The following are duplicates of the recommendations from earlier parts of the report.
- Explicit charset parameter: All body parts that include human-readable text and are created with a Content-type header should include an explicit charset parameter, even if the charset is US-ASCII.
- Sending UTF-8: All mail-creating programs created or revised after January 1, 1999, must be able to create mail using the UTF-8 charset. Another way to say this is that any program created or revised after January 1, 1999, that cannot create mail using the UTF-8 charset should be considered deficient and lacking in standard internationalization capabilities. Of course, all mail-creating programs should try to meet this requirement as early as possible.
- Choosing charsets on creation: All mail-creating programs that are controlled by humans should allow the sender to choose the charset used to create a message. These programs should also give advice to the user about the different charsets, such as about the likelihood that the recipient will be able to display a particular charset.
- Specifying languages: All body parts that are created with a Content-type header that includes human-readable text should also include a Content-language header. This practice makes it more likely that programs that process messages where different languages would process differently will process them correctly. Note that the MIME media type does not define whether or not the content is human-readable, and the Content-language header should be used with all types of human-readable content, not just plain text.
- Multi-language text: All plain text body parts that use UTF-8 and have more than one language should use Unicode Language Tags in addition to a Content-language header. However, Unicode Language Tags should only be used with plain text body parts that have more than one language; they should not be used with body parts that have a single language, nor should they be used with structured text body parts such as those coded with HTML.
- Non-ASCII headers: All mail-creating programs should allow users to use non-ASCII characters in message headers, as described in RFC 2047 and RFC 2231. Headers that conform to these two RFCs are not known to harm any mail-displaying process that does not conform to the RFCs. The charsets used in these headers should be chosen using similar methods to choosing charsets for the bodies of the messages to which they are attached.
- Displaying UTF-8: All mail-displaying programs created or revised after January 1, 1999, must be able to display mail that uses the UTF-8 charset. Another way to say this is that any program created or revised after January 1, 1999, that cannot display mail using the UTF-8 charset should be considered deficient and lacking in standard internationalization capabilities. Of course, all mail-displaying programs should try to meet this requirement as early as possible.
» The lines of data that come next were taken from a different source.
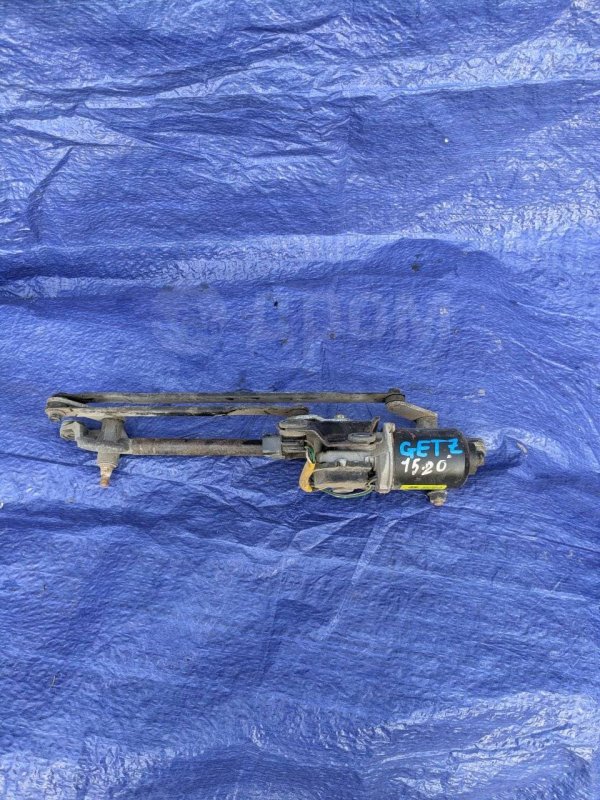 Запчасть трапеция дворников Hyundai Getz TB G4EE 981001C100 Б/У Трапеция дворников Hyundai Getz TB G4EE 981001C100 Б/У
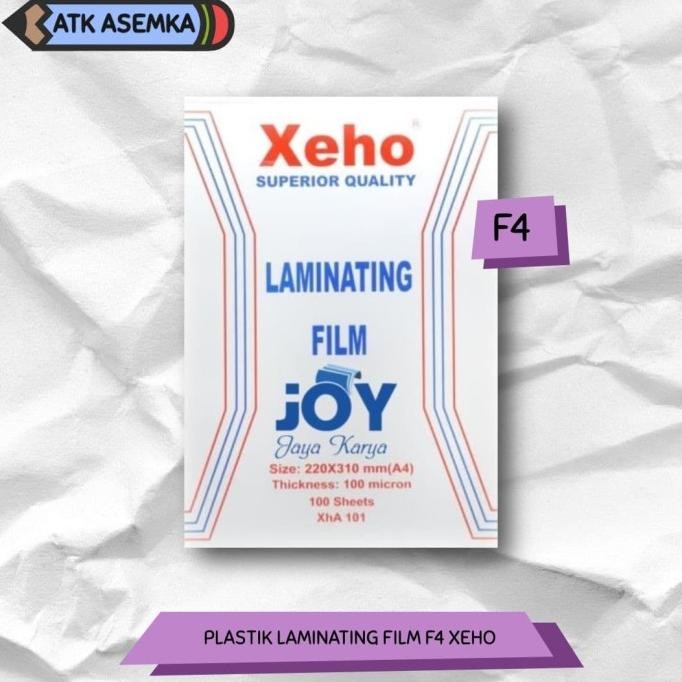 

PLASTIK LAMINATING F4 FOLIO XEHO / AMANDA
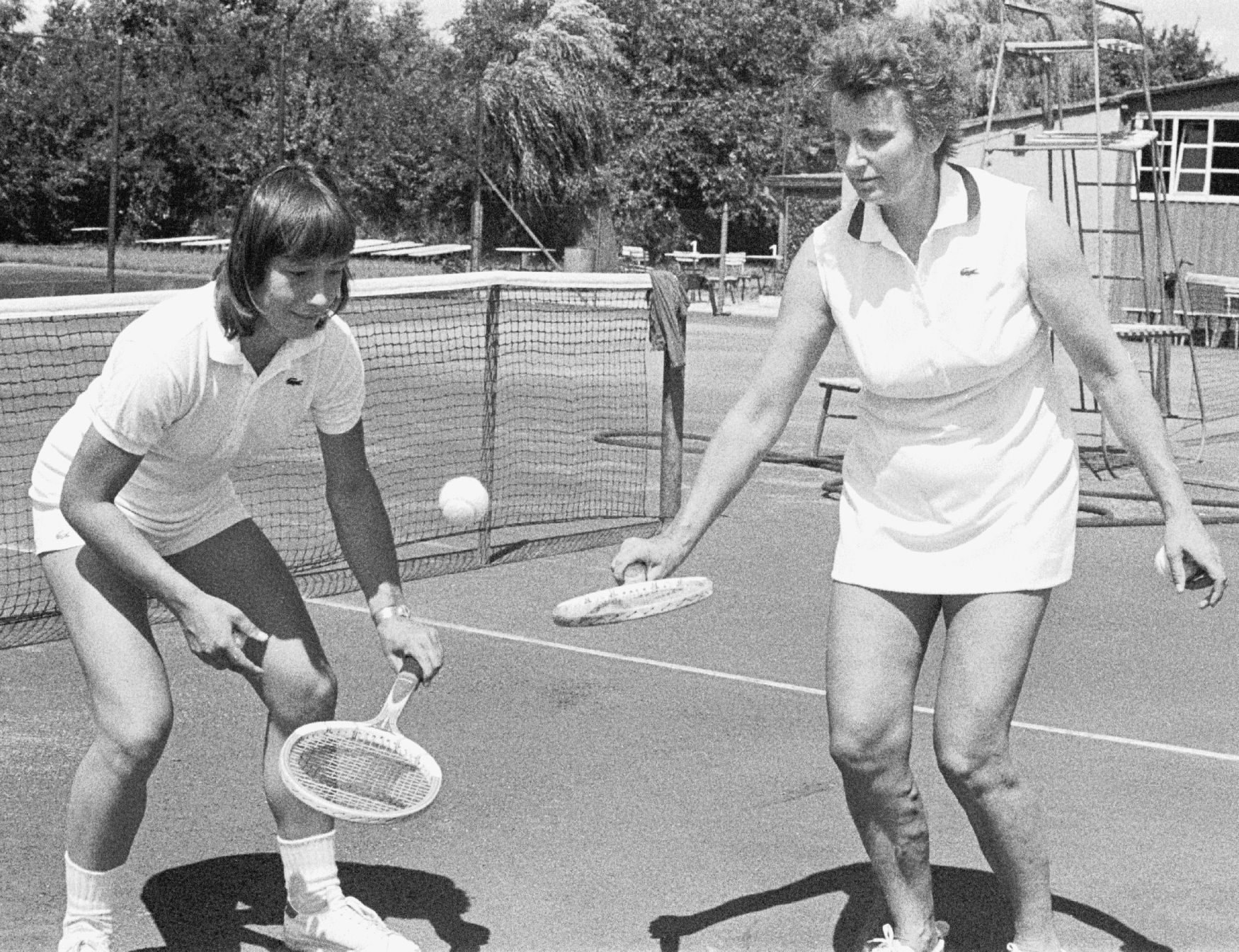 Jednorázové užití / Fotogalerie / Legenda českého i světového tenisu Martina Navrátilová slaví 65 let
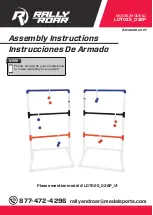 Rally and Roar LDT025_028P Assembly Instructions Manual предпросмотр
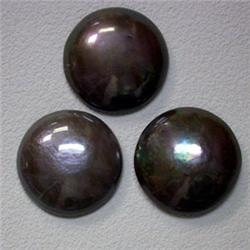 20 MM LOT OF ROUND MOBE PEARL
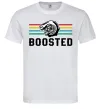 Мужская футболка Boosted tuning Белый фото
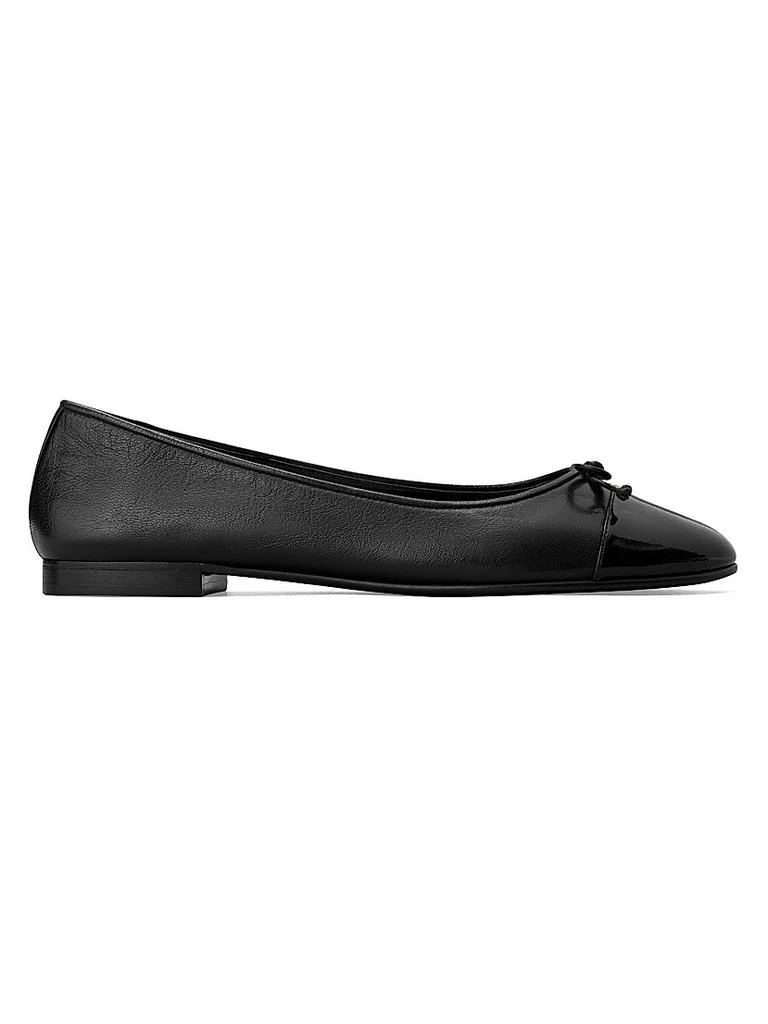Tory Burch Cap Toe Ballet Flats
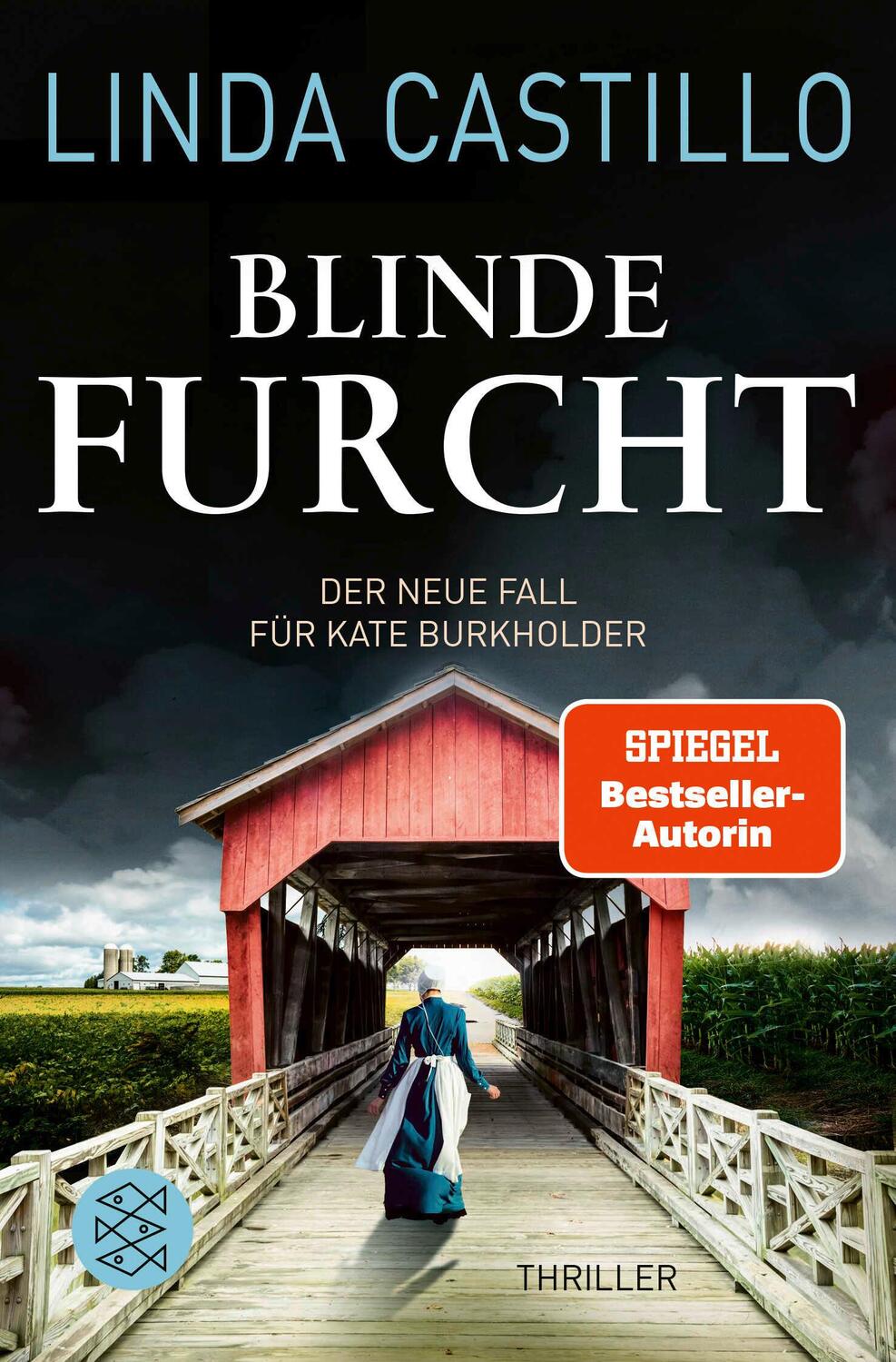 Cover: 9783596706099 | Blinde Furcht | Linda Castillo | Taschenbuch | 352 S. | Deutsch | 2022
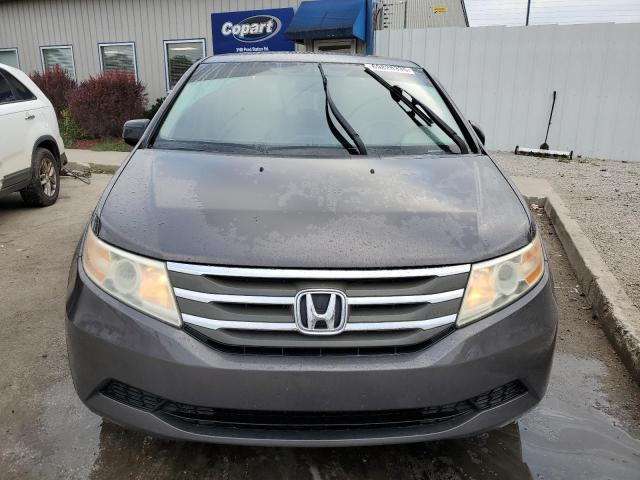 5FNRL5H65CB109452 - 2012 HONDA ODYSSEY EXL Gris photo 5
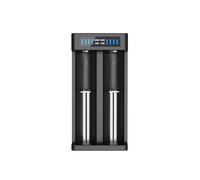 XTAR MC2 Chiara E Micro USB LI-ION Caricabatterie 1865 Cilindrica TC / Cc / Cv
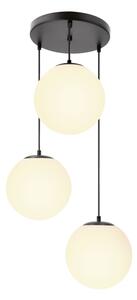 BRILAGI - Luster na lanku POLOS 3xE27/40W/230V, priemer 42 cm, čierna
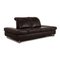 Leather 2-Seat Sofa in Dark Brown from Global Wohnen, Image 10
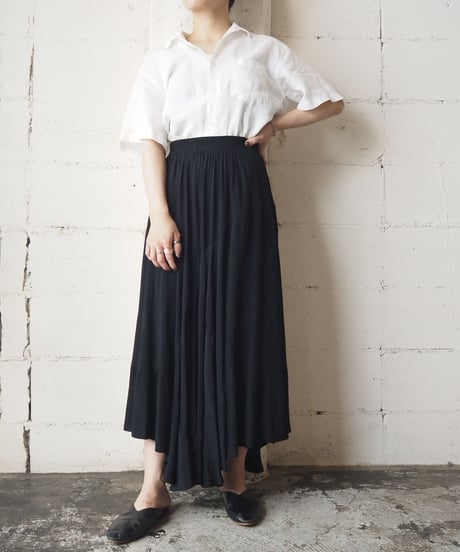 Ralph Lauren Open Collar S/S Shirt　WH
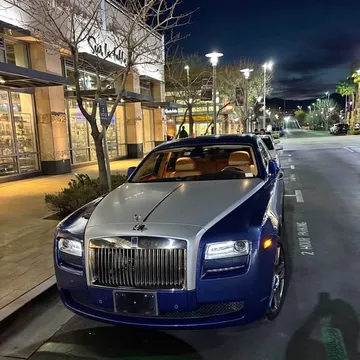 2010 Rolls-Royce Ghost Sedan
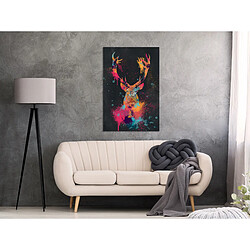 Artgeist Tableau - Spectacular Deer (1 Part) Vertical [20x30]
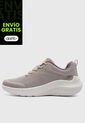 Tenis Training SKECHERS BOBS Squad Waves Taupe de Skechers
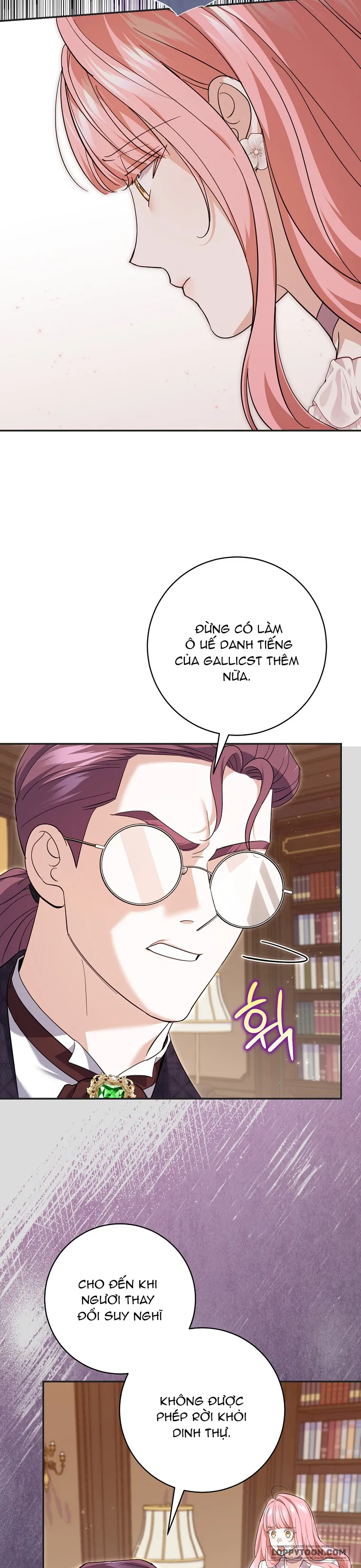 Vị Hôn Phu Phản Diện Cản Trở Con Đường Hoa Của Tôi Chap 25 - trang 18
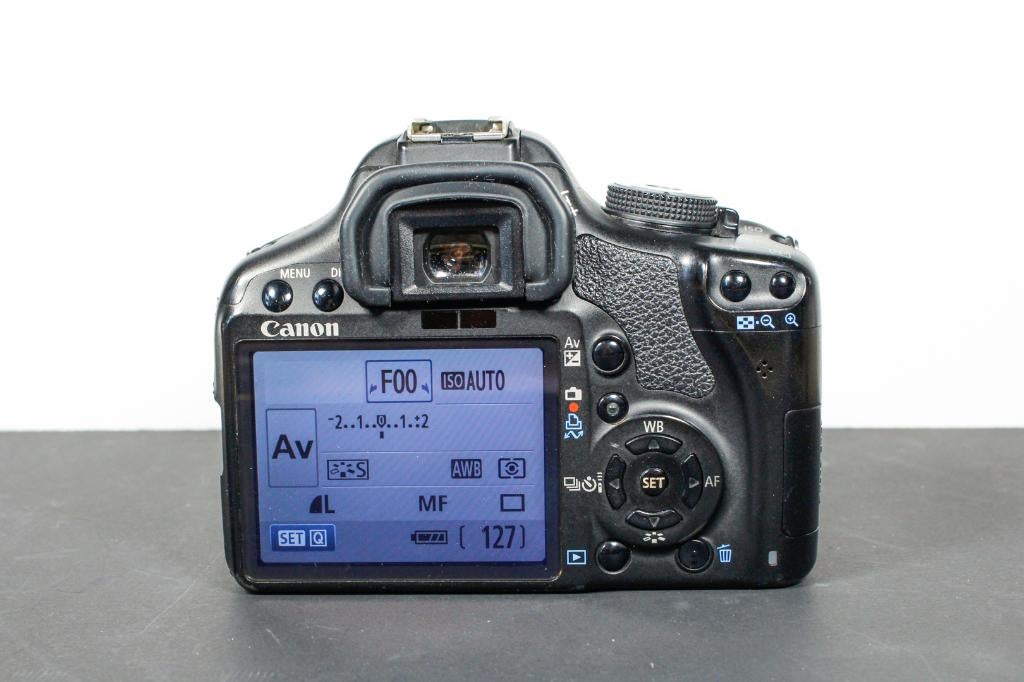 canon 500d avec ou sans objectif ,a lire, Gebruikt, Spiegelreflex, Canon, Ophalen of Verzenden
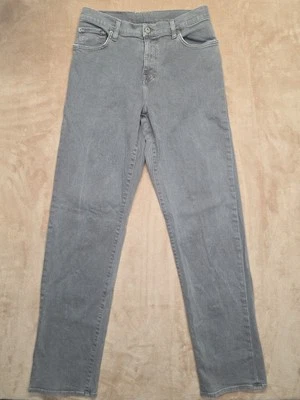 Baldwin Kansas City Brennan Modern Straight Light Wash Jeans Gray Size 30x33 - Image 1 of 4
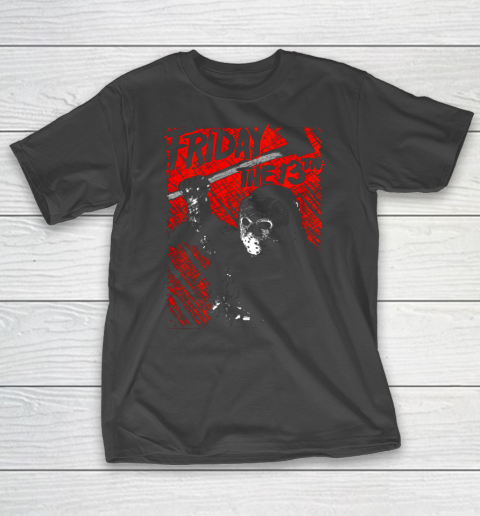 Friday the 13th Jason Lives Halloween T-Shirt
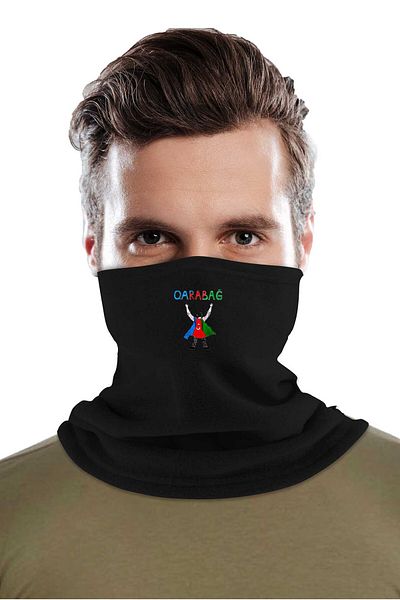 herotasarım Set Mănuși Qarabağ Beanie - Guler pentru gât Model bll4583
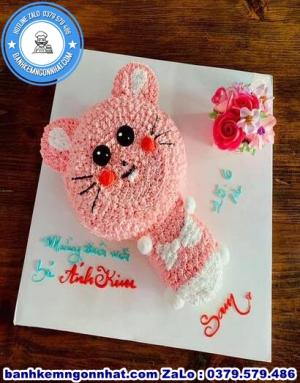 Bánh Kem Con Mèo 03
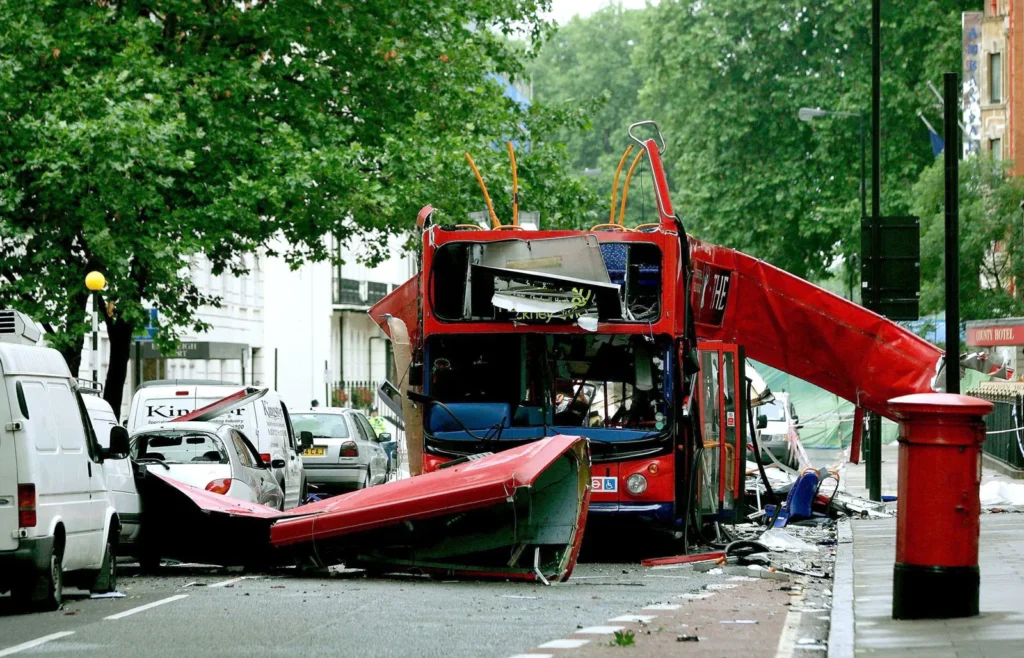 Tavistock Bus attack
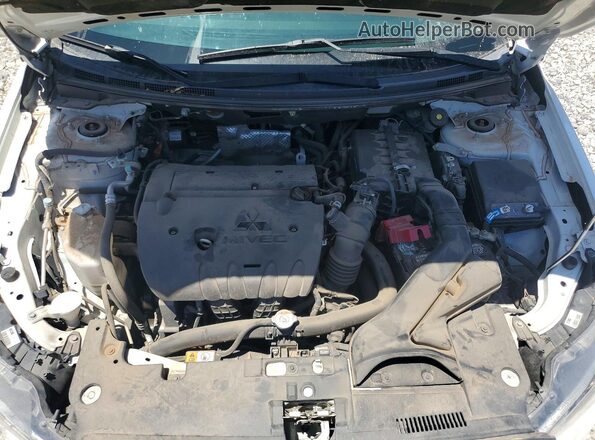JA32U2FU3GU006282 2016 MITSUBISHI LANCER White უკანა სალონის ხედი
- MTAs and 8-bit content: All SMTP servers should support the 8BITMIME extension, as described in RFC 1652.
- Handling all common charsets: All mail-creating and mail-displaying programs created or revised after January 1, 1999, should be able to handle many common charsets in addition to UTF-8. Another way to say this is that any mail-creating and mail-displaying program created or revised after January 1, 1999, that cannot handle a wide variety of common charsets should be considered deficient and lacking in standard internationalization capabilities. Of course, all mail-creating and mail-displaying programs should try to meet this requirement as early as possible.